What would become of my 'stuff' if I died right now? Indeed. What would become of me if I died right now? Ever ask yourself that?
For years, and it may still be going on, there was a ministry called 'Evangelism Explosion'. The idea was that people would go out and call on visitors to a church, or just contacts in a community, and once inside, somewhere prominent in the first few minutes of talking with someone in their home, the leader of the team would ask, "If you died today, would you go to heaven?"
For a lot of these people, the conversation was scripted. They knew what they wanted to say and where they wanted to go with people. I once had such a team visit me and while sitting in my living room, with all kinds of theological books, Greek and Hebrew Bibles, and other Christian literature on the shelves, and after asking me if I were a Christian (and hearing that I was), they still felt compelled to stick to the script: "Well, Phil, tell me, if you died today would you go to heaven?"
I hate it when Christian people cannot be real and speak spontaneously from who they actually happen to be, but that is another point.
If I died today… What would happen to my stuff? What stuff? There are a few things I'd like my children to have, and if I preceded my wife, I'd like her to have whatever she needed of mine to make her way still in this world, but I mean other 'stuff'. What would happen to my soul, my sense of self, and my awareness of being alive and conscious? That stuff.
Would I be conscious? Some people think that when you die, your soul goes to 'sleep'. It sleeps with your body in the grave, and then, when your body is resurrected, then your soul 'wakes up'. I don't believe that. Jesus told the thief on the cross, "Today, you will be with me in paradise."
I don't think Jesus meant he intended on dragging a sleeping corpse with him to the other side.
That evening I stood out on the balcony overlooking the ocean. The sun had gone down, but there was still some light in the sky. The clouds were highlighted in pinks, and one lone star stood out among them. I felt as if God had given me a picture of how it was between He and I. I am that one, lone star. I shine in his sky at sunset. He is mindful of me, and my death cannot separate us, for I am part of his artwork.

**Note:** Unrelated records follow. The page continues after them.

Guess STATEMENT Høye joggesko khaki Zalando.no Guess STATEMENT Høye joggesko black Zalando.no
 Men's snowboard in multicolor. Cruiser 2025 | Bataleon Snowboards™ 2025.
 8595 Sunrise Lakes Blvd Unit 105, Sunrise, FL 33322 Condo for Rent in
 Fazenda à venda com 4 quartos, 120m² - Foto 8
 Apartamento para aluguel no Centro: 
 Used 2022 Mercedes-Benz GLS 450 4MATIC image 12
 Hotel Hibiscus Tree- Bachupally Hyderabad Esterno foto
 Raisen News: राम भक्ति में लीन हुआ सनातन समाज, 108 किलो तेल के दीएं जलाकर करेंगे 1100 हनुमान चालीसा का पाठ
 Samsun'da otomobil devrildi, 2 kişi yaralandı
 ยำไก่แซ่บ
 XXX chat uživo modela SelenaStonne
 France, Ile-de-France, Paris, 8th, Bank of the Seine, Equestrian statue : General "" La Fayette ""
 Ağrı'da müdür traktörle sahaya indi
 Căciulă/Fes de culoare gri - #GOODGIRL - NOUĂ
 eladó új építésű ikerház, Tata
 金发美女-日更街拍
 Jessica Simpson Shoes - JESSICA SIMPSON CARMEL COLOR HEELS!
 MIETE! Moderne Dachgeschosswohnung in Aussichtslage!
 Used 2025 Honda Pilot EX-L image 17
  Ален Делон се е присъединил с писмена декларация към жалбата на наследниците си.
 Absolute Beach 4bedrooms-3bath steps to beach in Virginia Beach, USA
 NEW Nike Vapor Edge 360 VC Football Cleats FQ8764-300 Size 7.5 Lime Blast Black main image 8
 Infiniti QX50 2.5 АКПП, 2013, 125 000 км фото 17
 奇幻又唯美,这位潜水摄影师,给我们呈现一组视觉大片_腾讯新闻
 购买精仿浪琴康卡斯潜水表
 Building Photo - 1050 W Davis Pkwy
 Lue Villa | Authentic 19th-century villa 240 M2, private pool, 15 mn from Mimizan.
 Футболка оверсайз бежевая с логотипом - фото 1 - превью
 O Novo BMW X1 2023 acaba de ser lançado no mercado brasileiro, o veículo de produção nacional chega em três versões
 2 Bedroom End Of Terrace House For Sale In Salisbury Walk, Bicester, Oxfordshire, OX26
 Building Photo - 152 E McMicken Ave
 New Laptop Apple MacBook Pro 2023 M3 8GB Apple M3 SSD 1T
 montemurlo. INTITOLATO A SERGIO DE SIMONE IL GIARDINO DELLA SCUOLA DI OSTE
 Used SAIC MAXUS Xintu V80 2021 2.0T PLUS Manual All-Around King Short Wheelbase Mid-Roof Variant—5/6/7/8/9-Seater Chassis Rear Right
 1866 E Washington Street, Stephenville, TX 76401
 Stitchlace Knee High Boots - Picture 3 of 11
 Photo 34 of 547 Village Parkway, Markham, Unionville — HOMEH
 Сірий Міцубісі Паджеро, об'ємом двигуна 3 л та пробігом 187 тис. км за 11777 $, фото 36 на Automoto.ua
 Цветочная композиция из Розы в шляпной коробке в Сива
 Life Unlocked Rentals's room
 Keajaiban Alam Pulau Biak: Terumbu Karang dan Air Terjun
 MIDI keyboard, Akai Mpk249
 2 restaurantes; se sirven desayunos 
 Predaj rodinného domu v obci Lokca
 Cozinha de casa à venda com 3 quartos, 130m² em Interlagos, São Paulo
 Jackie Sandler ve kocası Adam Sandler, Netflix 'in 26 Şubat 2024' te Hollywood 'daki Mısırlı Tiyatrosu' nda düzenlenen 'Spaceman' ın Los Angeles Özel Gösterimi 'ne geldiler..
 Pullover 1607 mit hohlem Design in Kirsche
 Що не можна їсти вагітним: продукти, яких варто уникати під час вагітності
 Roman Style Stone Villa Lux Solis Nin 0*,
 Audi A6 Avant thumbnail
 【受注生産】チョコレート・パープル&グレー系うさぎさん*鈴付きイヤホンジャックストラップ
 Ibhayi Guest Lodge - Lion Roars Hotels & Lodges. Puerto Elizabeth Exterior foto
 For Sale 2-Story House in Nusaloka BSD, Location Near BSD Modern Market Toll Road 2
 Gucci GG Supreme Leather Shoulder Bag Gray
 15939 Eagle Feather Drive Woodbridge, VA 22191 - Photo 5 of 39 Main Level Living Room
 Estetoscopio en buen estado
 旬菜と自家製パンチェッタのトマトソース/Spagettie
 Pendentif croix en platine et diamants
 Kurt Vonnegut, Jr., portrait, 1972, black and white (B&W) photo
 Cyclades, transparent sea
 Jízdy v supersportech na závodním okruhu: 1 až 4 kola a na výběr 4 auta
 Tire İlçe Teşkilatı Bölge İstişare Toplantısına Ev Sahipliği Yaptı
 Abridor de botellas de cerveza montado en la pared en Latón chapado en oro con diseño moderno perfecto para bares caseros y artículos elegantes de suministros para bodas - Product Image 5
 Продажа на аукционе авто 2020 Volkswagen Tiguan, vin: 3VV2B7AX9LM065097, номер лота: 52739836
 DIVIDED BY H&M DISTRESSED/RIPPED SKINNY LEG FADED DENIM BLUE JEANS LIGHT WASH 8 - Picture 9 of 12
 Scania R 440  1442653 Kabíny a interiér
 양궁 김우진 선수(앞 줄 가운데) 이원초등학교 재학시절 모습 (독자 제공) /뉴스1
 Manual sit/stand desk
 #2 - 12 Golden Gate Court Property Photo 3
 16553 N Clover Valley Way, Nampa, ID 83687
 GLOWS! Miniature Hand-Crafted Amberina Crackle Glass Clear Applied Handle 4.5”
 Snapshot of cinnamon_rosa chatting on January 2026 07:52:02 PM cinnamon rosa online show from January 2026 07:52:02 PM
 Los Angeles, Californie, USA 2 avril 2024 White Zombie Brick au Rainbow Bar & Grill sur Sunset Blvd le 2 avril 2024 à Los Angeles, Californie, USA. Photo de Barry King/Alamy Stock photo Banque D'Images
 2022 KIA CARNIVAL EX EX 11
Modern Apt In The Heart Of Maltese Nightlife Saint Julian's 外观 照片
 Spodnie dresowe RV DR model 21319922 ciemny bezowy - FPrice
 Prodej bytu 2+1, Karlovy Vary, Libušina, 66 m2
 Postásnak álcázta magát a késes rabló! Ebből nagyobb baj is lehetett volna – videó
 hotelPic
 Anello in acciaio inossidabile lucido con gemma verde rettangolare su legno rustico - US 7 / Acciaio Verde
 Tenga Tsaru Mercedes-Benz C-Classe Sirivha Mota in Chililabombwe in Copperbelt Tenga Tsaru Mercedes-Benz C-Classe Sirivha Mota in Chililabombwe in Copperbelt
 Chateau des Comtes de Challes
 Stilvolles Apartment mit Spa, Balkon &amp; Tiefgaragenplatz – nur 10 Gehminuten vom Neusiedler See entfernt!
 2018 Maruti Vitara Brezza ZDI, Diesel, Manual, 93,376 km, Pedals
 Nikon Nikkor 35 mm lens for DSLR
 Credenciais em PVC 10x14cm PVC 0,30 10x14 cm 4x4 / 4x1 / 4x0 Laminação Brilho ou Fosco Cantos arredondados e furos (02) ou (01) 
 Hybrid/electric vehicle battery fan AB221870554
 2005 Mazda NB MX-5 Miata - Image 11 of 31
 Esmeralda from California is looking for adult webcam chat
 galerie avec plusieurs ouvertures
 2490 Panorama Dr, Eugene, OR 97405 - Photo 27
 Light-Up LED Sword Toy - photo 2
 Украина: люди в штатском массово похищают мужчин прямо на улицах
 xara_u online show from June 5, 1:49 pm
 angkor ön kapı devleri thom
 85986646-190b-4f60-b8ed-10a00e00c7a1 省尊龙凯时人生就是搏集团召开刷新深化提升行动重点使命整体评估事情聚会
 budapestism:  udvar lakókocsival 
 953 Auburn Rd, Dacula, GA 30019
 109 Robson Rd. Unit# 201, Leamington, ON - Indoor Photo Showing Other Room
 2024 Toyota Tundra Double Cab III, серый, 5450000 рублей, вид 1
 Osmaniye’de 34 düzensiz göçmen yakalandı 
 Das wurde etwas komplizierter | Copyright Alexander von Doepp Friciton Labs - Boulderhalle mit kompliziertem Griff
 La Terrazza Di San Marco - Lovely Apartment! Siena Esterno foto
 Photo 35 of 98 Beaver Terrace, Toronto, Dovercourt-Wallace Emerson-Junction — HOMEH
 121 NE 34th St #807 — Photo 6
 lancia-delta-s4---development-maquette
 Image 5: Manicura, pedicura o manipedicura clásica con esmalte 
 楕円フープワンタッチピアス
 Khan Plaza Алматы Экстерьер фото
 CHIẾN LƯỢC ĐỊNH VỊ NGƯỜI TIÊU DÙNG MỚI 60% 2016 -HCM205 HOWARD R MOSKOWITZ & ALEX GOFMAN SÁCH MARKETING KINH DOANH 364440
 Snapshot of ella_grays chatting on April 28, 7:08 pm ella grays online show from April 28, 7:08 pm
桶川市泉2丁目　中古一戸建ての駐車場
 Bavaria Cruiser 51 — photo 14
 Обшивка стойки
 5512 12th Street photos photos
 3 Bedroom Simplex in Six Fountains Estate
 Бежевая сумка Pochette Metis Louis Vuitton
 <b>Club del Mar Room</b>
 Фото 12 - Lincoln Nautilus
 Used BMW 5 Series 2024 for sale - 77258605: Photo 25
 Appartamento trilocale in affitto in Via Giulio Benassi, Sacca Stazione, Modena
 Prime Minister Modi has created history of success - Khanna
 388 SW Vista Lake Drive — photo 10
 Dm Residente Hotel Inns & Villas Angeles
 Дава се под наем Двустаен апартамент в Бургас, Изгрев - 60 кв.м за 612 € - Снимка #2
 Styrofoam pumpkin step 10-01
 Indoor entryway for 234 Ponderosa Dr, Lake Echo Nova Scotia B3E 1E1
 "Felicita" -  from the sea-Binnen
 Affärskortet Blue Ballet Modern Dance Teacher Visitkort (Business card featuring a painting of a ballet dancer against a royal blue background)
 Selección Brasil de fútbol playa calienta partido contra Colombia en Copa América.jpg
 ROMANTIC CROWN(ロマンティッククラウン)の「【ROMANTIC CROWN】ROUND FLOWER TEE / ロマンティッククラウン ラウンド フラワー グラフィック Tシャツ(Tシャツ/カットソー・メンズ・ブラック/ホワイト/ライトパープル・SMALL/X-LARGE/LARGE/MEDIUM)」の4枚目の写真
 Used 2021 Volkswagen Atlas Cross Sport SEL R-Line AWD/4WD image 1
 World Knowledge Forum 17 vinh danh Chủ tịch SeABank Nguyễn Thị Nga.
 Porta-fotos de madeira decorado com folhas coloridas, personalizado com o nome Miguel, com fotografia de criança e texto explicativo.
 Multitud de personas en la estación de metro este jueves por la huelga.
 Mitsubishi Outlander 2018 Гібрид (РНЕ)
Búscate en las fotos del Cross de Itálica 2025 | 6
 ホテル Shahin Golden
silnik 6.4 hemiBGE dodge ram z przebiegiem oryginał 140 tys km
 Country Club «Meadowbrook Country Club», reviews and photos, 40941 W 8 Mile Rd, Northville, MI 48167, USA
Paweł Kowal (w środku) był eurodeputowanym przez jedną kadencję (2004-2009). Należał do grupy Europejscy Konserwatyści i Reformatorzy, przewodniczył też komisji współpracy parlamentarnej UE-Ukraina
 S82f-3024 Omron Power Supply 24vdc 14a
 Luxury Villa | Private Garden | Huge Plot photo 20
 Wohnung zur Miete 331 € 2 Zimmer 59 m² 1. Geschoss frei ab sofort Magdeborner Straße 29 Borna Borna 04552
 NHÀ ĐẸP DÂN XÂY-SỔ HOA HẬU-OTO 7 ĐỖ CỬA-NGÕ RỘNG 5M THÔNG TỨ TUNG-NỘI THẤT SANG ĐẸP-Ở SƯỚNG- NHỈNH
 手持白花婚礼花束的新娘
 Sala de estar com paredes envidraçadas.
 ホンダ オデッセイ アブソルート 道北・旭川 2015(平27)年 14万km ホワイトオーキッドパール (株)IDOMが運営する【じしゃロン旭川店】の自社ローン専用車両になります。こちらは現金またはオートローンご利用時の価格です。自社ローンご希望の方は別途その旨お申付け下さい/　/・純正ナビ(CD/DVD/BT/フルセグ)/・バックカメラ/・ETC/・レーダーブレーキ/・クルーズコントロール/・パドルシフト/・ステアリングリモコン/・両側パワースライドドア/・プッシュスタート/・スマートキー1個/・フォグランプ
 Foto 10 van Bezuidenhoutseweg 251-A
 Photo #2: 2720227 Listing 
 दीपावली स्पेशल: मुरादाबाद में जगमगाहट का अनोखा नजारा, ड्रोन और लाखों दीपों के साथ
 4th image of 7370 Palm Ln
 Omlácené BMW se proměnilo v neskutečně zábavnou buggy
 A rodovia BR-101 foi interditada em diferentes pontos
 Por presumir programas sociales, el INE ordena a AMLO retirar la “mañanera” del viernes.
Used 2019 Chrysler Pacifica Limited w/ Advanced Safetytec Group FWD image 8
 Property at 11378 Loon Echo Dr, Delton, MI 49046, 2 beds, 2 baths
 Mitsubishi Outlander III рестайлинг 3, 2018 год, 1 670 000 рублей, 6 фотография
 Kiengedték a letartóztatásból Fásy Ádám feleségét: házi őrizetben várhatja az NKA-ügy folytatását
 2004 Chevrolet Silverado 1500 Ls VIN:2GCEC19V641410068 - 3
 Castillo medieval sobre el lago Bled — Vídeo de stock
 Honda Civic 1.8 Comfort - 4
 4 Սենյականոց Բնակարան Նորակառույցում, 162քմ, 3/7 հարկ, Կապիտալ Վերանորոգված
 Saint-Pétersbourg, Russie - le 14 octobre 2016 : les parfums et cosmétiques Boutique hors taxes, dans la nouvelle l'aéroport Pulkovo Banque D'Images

No one could paint something as beautiful, and I stood there in awe. I said, "Oh God, you are a wonderful artist, and I love your work." In moments like that my soul goes out to Him, my awareness is of Him. I thought of the Westminster Shorter Catechism, and of Puritan theology that assert, "The chief end of man is to glorify God and to enjoy Him forever."
At that moment I felt my wife's arms around my waist and her body hugging up to me. I said, "Look at that; isn't it beautiful?"
She agreed. She is the star when she looks at that painting, as is each person who knows God by faith in Christ. That is what I believe, and on that balcony, I was glorifying God and enjoying the crap out of that moment.